START MATERIAL PROVIDED

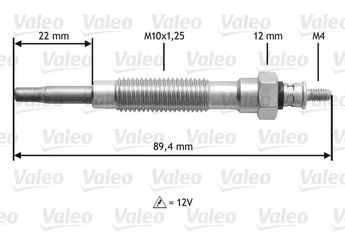 Isıtma Bujisi  VALEO 345149  MD092392 5023129 E5TZ12A342 E5TZ-12A-342 3671042020 36710-42020 3671042021 36710-42021 3671042000 36710-42000 3671042010 36710-42010 3671042060 36710-42060 3671042550 36710-42550 MD014997 MD050212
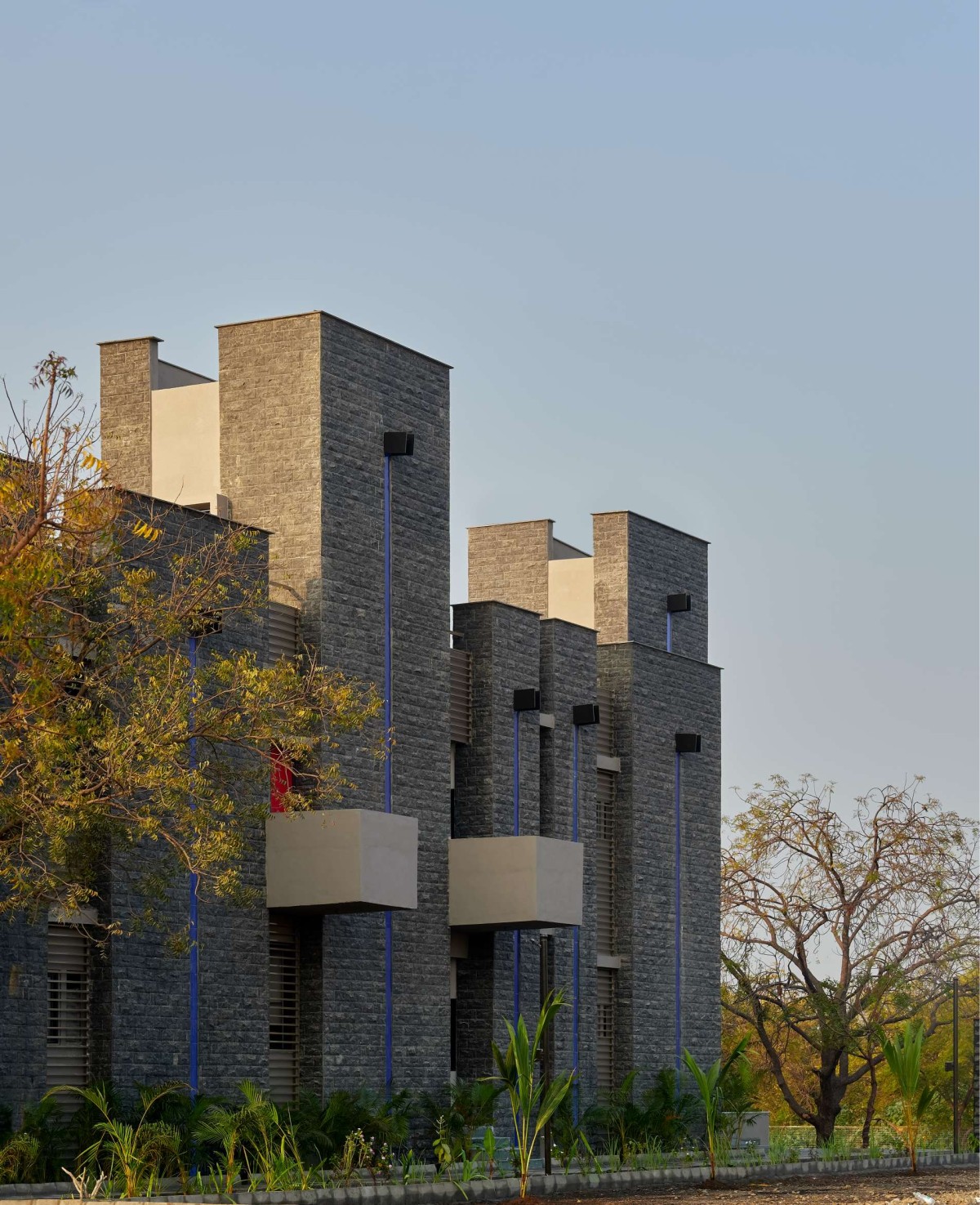 Exterior view of Women Empowerment Shelter by studioPPBA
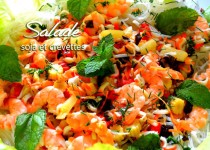Salade de soja et crevettes
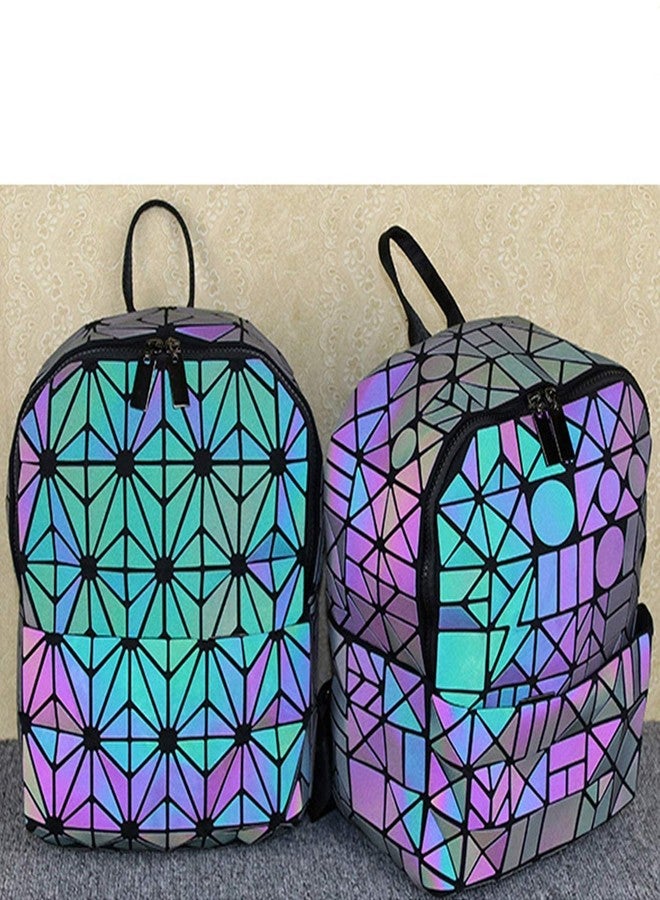 DRUDRAYA 22L Geometric Luminous Backpack | Reflective Color Changing Bag | Stylish Laptop Backpack for Women & Girls | Waterproof, Lightweight | Fits up to 14” Laptop - Image 5
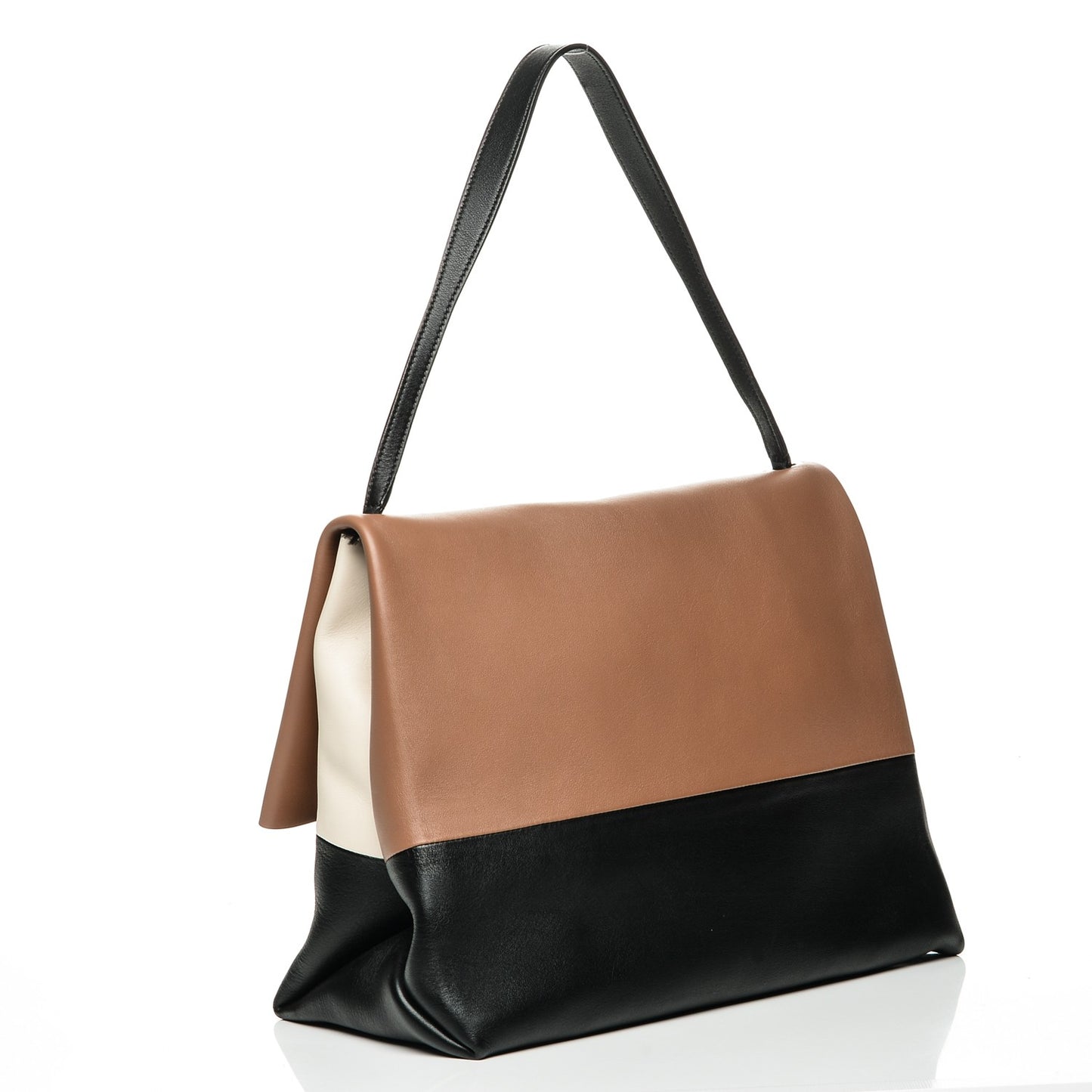 Calfskin All Soft Shoulder Bag Tan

END MATERIAL PROVIDED

§ **PROMPT**: Beginning with the line that contains "DRUDRAYA 22L Geometric" and ending with the final line of the entries, every line must be copied exactly; the pictures must not.

§ **TASK RESPONSE**:
 DRUDRAYA 22L Geometric Luminous Backpack | Reflective Color Changing Bag | Stylish Laptop Backpack for Women & Girls | Waterproof, Lightweight | Fits up to 14” Laptop - Image 5
 Calfskin All Soft Shoulder Bag Tan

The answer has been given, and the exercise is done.